Entries provided >>
────────────────────────────────────────
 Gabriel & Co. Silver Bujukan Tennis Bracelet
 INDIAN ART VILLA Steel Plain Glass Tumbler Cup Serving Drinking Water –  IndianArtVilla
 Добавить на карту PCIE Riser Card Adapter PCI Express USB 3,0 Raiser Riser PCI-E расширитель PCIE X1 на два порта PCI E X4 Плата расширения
────────────────────────────────────────
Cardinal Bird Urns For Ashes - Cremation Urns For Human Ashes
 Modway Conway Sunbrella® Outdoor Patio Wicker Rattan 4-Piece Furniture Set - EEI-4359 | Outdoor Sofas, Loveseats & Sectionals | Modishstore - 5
────────────────────────────────────────
Instructions to follow >> Reproduce exactly the entries above, limited to the lines from the one with "Cardinal Bird Urns" through the one with "Modway Conway Sunbrella®", both included.

Output below >>
Cardinal Bird Urns For Ashes - Cremation Urns For Human Ashes
 Modway Conway Sunbrella® Outdoor Patio Wicker Rattan 4-Piece Furniture Set - EEI-4359 | Outdoor Sofas, Loveseats & Sectionals | Modishstore - 5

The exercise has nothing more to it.